De vuelta a casa, la niña duró varias horas mirando las fotos de mi teléfono. En ellas es posible hacer un recorrido por la vida de mis hijos día tras día. Todo está ahí. El primer diente, el primer día de colegio, el disfraz, el pastel de banano que hicimos ayer... el pasado siempre al alcance de la mano. ¿Pero no es eso lo mismo que vivir un presente perpetuo? Un presente comprimido, como empacado al vacío.
“¿Y si es el sentido de la pérdida lo que hemos perdido?”, se pregunta el intelectual Mark Fisher. Le hemos delegado la función de la memoria al sistema digital. Él responde por nosotros. Recuerda a toda hora y en todo lugar. ¿Cómo abrirle espacio, entonces a la nostalgia? ¿Cómo si todo parece estar sucediendo en un presente eterno en donde recordar es algo que sucede a cada instante?

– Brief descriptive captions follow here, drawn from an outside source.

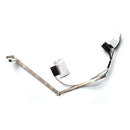 Cable Flex De Video Dell Precision 3540 0r5xy8 Dc02c00k400
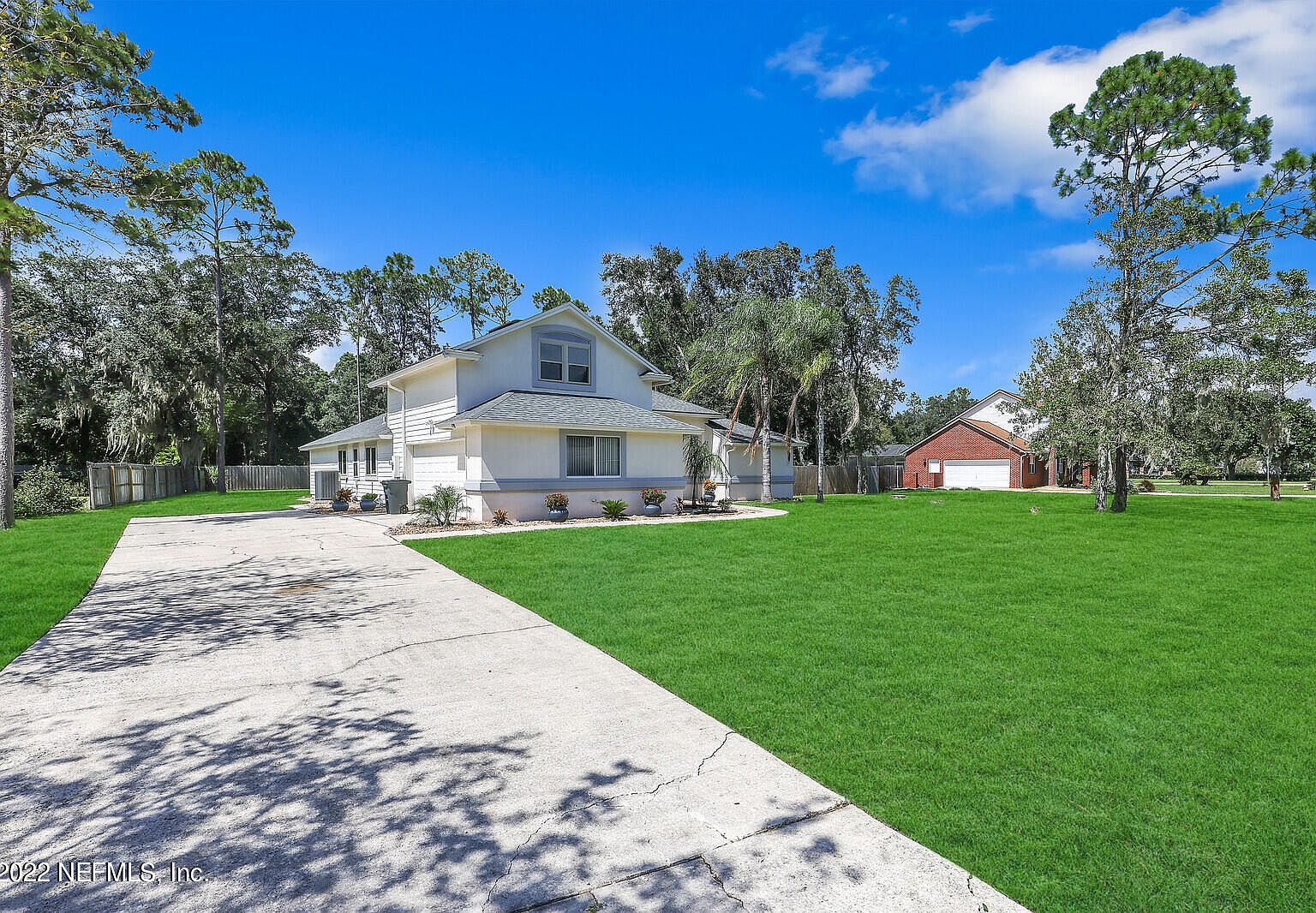 1450 MALLARD LANDING Boulevard, Saint Johns, FL 32259 Zillow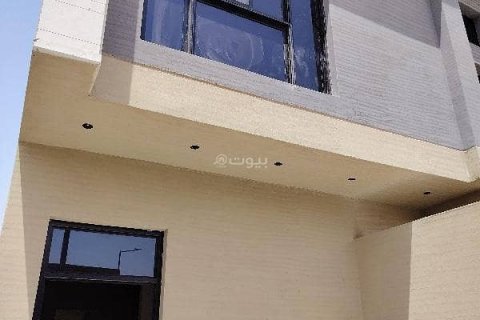 4 bedrooms Apartment in Riyadh, Saudi Arabia No. 67454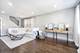 3024 N 76th, Elmwood Park, IL 60707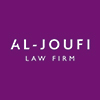 AL-JOUFI LAW FIRM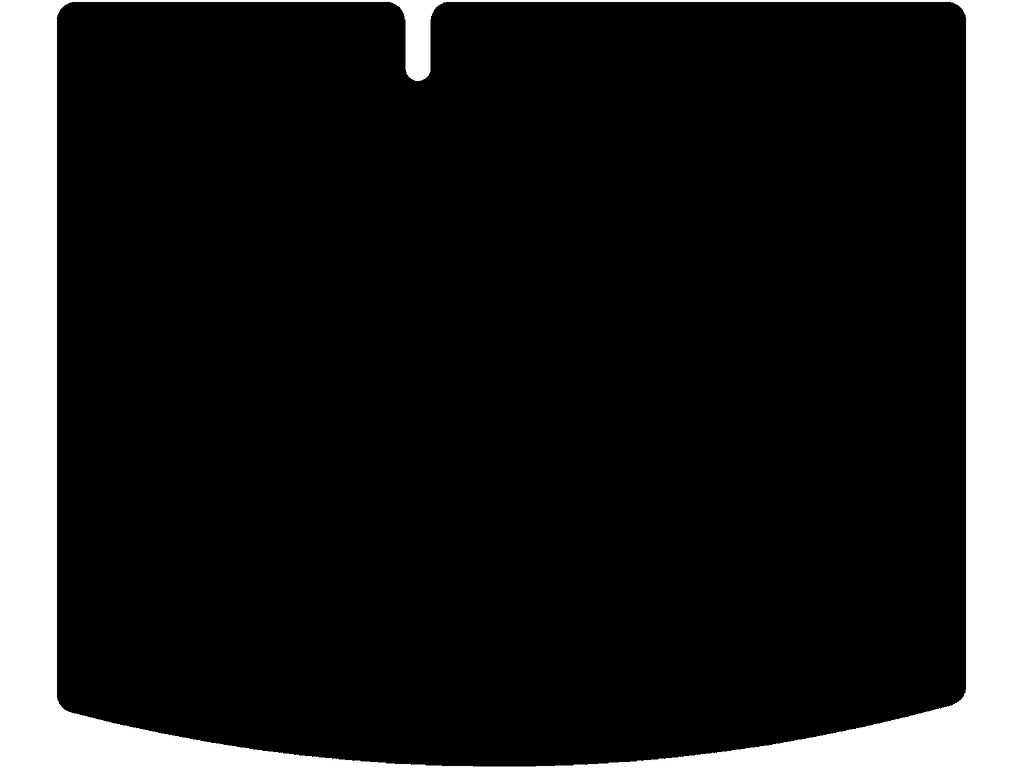 Only suitable for models with lower floor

La premura inyectada por la virtualidad, la urgencia de estallarlo todo ya como si no hubiera mañana, irrumpe cada vez con más ferocidad en el día a día. El poder de la industria para vender y fabricar emociones con la velocidad con que mastica y traga, traga y mastica, nos mantiene bajo un asedio constante. A través de nuevas series, más redes sociales, nuevas plataformas, aplicaciones, cadenas, noticias, canciones, chismes, escándalos, la fábrica de contenidos provocadores no da tregua. Pincha y factura como quien mastica y traga. Todo ya. Y que suene la registradora...
Al fin y al cabo, no faltan motivos para pensar que se nos acaba el tiempo. El calentamiento global, la desaparición de especies, las guerras, las crisis económicas, el desgaste general de las democracias, todo contribuye a una percepción de urgencia que, alimentada por la omnipresencia digital, nos mantiene sobre estimulados y ansiosos.
En este contexto donde reina lo efímero, donde nos trasnocha la dificultad para vislumbrar un futuro, la reproducción hasta la saciedad de una canción sobre la ruptura amorosa de dos famosos que engordará aún más los bolsillos de nuestra diva no debería cantarse como victoria. Y es que en algún punto del camino dejó de importarnos la calidad de la factura en los contenidos culturales. Ahora lo único que parece celebrarse es cuánto se vende. Cuántos clics, cuántas reproducciones, cuántas vistas, en fin, cuánto dinero.
Ya no existen los casetes, tampoco los vinilos, aun cuando la industria de la nostalgia ha vuelto a ponerlos de moda. Al igual que las fotos tomadas con el teléfono, la música captura la inmediatez con intensidad. Pasamos del rollo fotográfico a la imagen instantánea, y de los discos al ‘streaming’. Qué lejano se siente el mundo de las obras creadas en mármol, las esculturas de plaza pública talladas en piedra, o los conciertos de una filarmónica.
En este presente inagotable, las representaciones artísticas explotan como palomitas de maíz en el microondas. Mientras tanto, los hámsteres que somos, aplaudimos fascinados ante la velocidad con que se produce un nuevo hechizo, otro truco de magia, un embuste más, otra payasada del circo digital en que vivimos atontados sin dejar de dar vueltas sobre una rueda que no lleva a ninguna parte. La separación de una pareja de famosos y el tema musical sobre su ruptura, pop, pop, pop, pop. El público enardecido ve la escena a través del cristal mientras aplaude. Por momentos tengo la impresión de que vivimos atrapados en un ‘reality show’. Dicho lo anterior, siempre me ha gustado la música de Shakira. Pero ese es otro tema.